[Collected data]
____
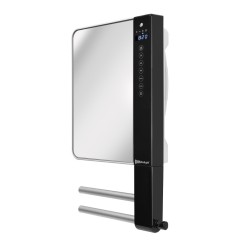 Windy Visio Termoventilatore con barre porta salviette e specchio Radialight 1000-1800W TBWIN023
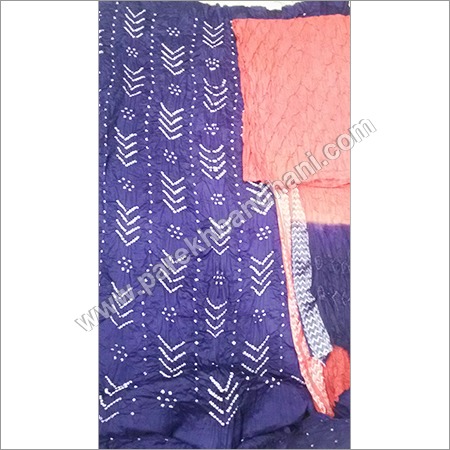 Pure Cotton Silk Bandhej Salwar Suit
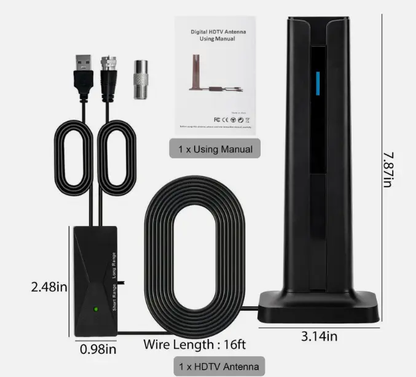 4K Indoor TV Antenna – Free Channel Viewing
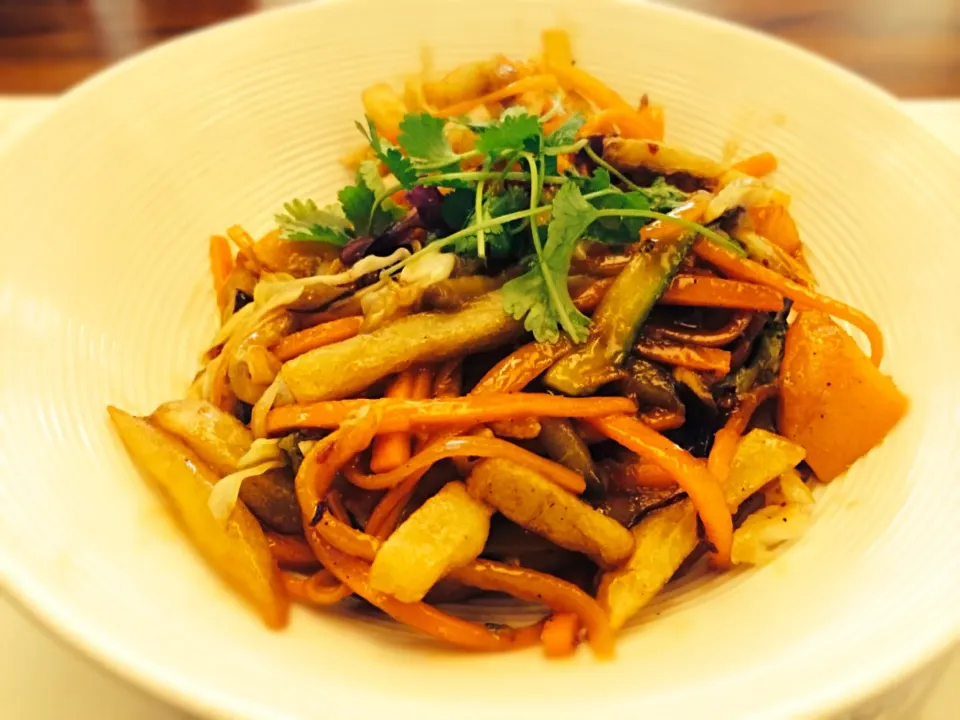 Sins veg stir fry|Sergio Lacuevaさん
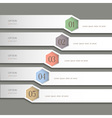 Trendy Design template vector image
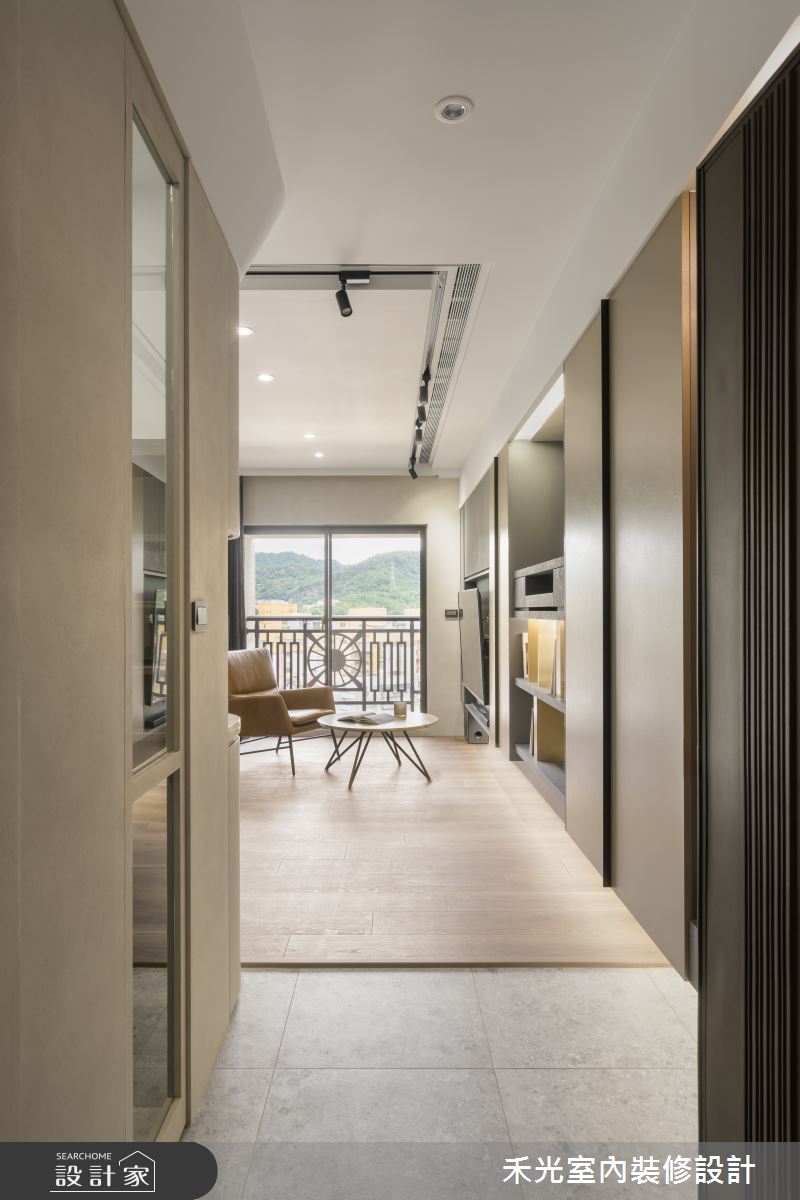 20坪新成屋(5年以下)＿混搭風玄關案例圖片＿禾光室內裝修設計有限公司＿禾光_韶光冉冉之1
____
# Description of the task
Repeat the lines exactly, starting with the line that contains "4K Indoor TV Antenna – Free Channel Viewing" and ending with the last line of the entries. Keep both of those lines but no pictures.

# Answer to this exercise
 4K Indoor TV Antenna – Free Channel Viewing
 Sins veg stir fry|Sergio Lacuevaさん
 Trendy Design template vector image
 20坪新成屋(5年以下)＿混搭風玄關案例圖片＿禾光室內裝修設計有限公司＿禾光_韶光冉冉之1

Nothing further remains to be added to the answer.